Is Your Pool an Energy Hog?

Replacing your old single-speed swimming pool pump with an efficient variable-speed pump is an energy retrofit measure with a very fast payback

Is your pool an energy hog? If your electricity bills are sky-high during pool season, your pool pump may be to blame. [Photo credit: Ollie Crafoord]
Image Credit: Ollie Crafoord

If your home has a swimming pool, your pool pump may use more electricity than any other appliance in your home — as much as three times the electricity used by your refrigerator. Many residential pools in the U.S. have 1.5-horsepower or 2-horsepower pumps that draw 2,000 watts or more. If you’re not paying attention, you may be running your pool pump for 24 hours a day — even though your pool might be perfectly clean with only 6 hours of pump operation per day.

If your pool has one of these older single-speed pumps, installing a new variable-speed pump is one of the most cost-effective energy-saving measures you can take.

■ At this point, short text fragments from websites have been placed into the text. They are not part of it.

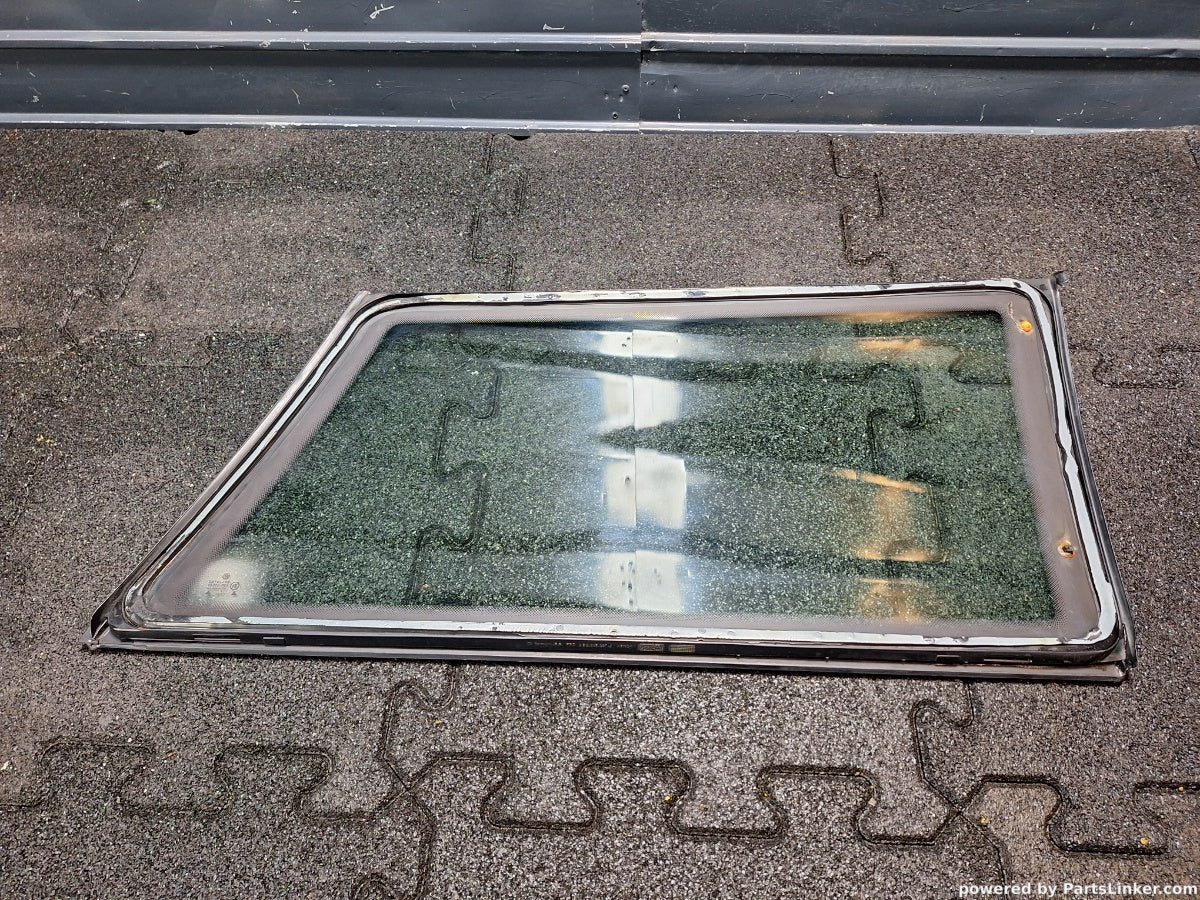 Geam fix lateral stanga spate VOLKSWAGEN PASSAT Estate (3B5) [ 1997 - 2001 ] TDI (AJM, ATJ) 85KW|115HP OEM 3B9845297J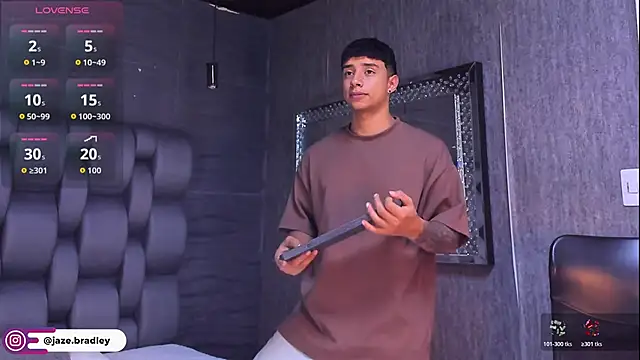 jaze bradley online show from October 2025 11:33:02 AM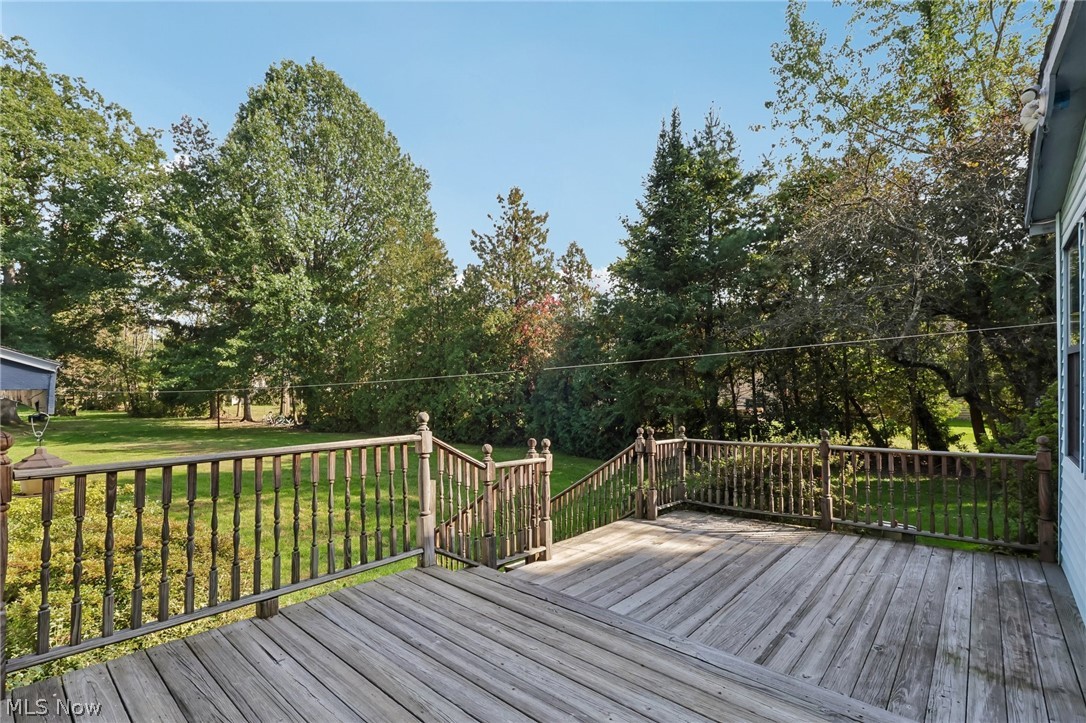 1168 North Road NE Warren OH 44483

You want a variable-speed pump

The main purpose of a pool pump is to circulate water from the swimming pool through a filter. In addition, a pool pump is sometimes used to circulate water through an artificial waterfall or other so-called “features.”

For years, pool installers have specified oversized single-speed pumps — a type of pump that is inexpensive to install but expensive to operate. Many swimming pool pumps perform multiple functions, and installers traditionally sized a pump that was big enough for the most demanding task — for example, circulating pool water through a heater, energizing spot jets, or vacuuming the pool. Most of the time, when the pump is merely circulating water though the filter, it’s oversized.

A two-speed pump or a variable-speed pump does a better job of matching the speed of the pump (and its watt draw) to the task being performed. Compared to a single-speed pump, a two-speed or variable-speed pump can save tremendous amounts of energy. According to one source, compared to a single-speed pump, a two-speed pump can yield 55% energy savings, while a variable-speed pump can yield 83% energy savings.

A useful document prepared by the U.S.…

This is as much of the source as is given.